EXERCISE DIRECTIONS: Before writing anything, find the line that contains "2024-06 - Meijendel", then retype the entries below exactly from their first line through that one, without pictures.

Short web captions:
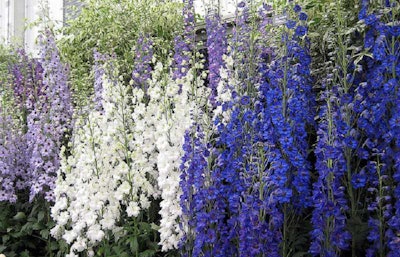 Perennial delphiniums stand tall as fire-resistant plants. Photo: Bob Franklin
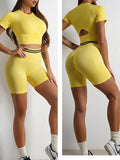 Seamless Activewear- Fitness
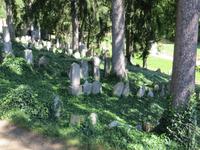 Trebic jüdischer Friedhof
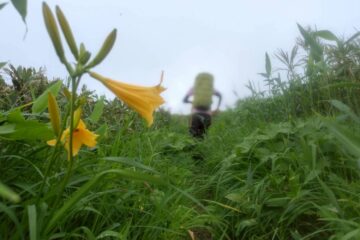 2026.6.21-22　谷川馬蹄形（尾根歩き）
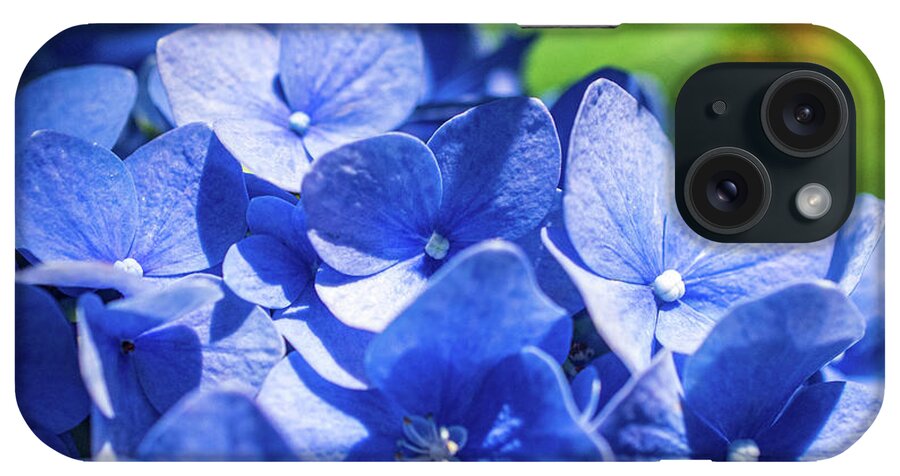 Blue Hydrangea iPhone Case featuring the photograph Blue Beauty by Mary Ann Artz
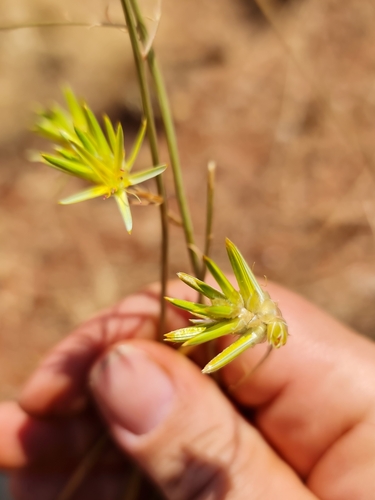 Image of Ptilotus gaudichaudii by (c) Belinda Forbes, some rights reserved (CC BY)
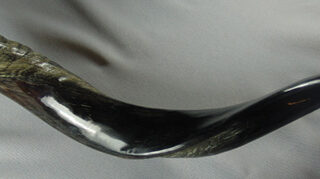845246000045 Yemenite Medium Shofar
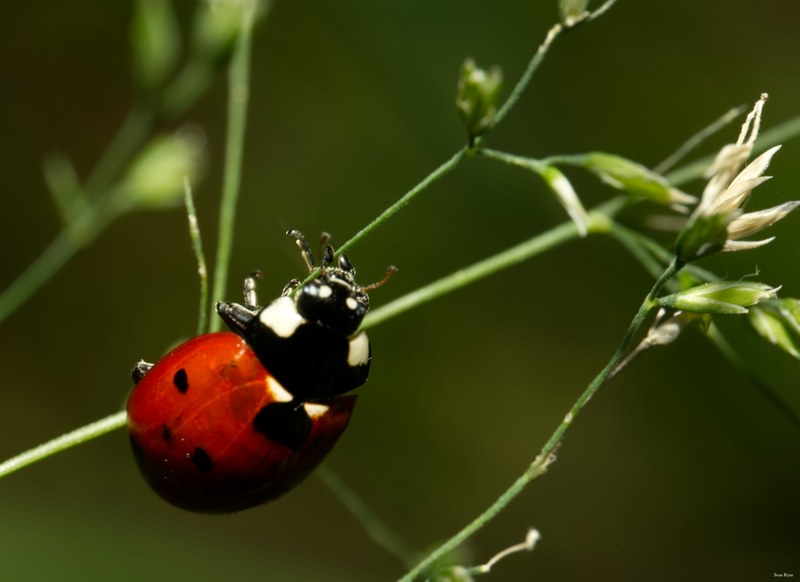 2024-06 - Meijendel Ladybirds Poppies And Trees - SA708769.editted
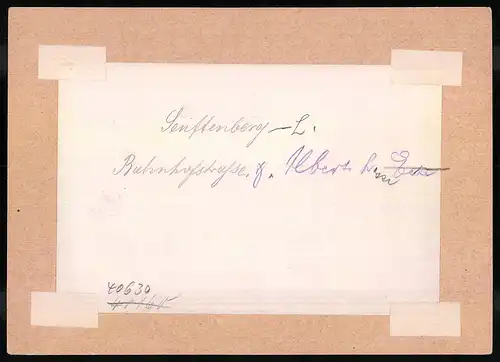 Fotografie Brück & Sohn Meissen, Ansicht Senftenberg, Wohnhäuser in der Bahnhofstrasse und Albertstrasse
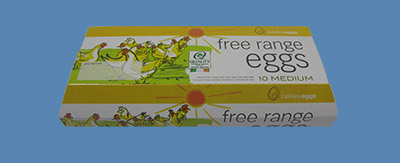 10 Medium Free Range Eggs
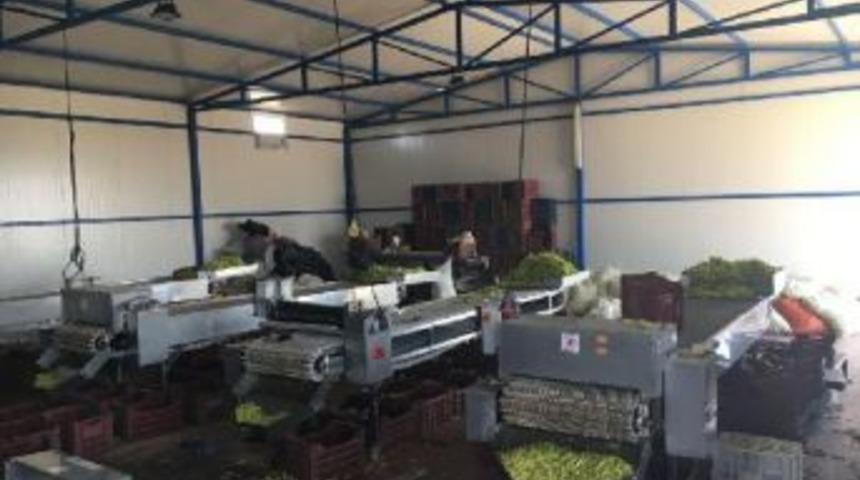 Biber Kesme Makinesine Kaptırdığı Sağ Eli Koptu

EXERCISE SOLUTION:
 Perennial delphiniums stand tall as fire-resistant plants. Photo: Bob Franklin
 Seamless Activewear- Fitness
 Trebic jüdischer Friedhof
 2026.6.21-22　谷川馬蹄形（尾根歩き）
 Blue Hydrangea iPhone Case featuring the photograph Blue Beauty by Mary Ann Artz
 Image of Ptilotus gaudichaudii by (c) Belinda Forbes, some rights reserved (CC BY)
845246000045 Yemenite Medium Shofar
 2024-06 - Meijendel Ladybirds Poppies And Trees - SA708769.editted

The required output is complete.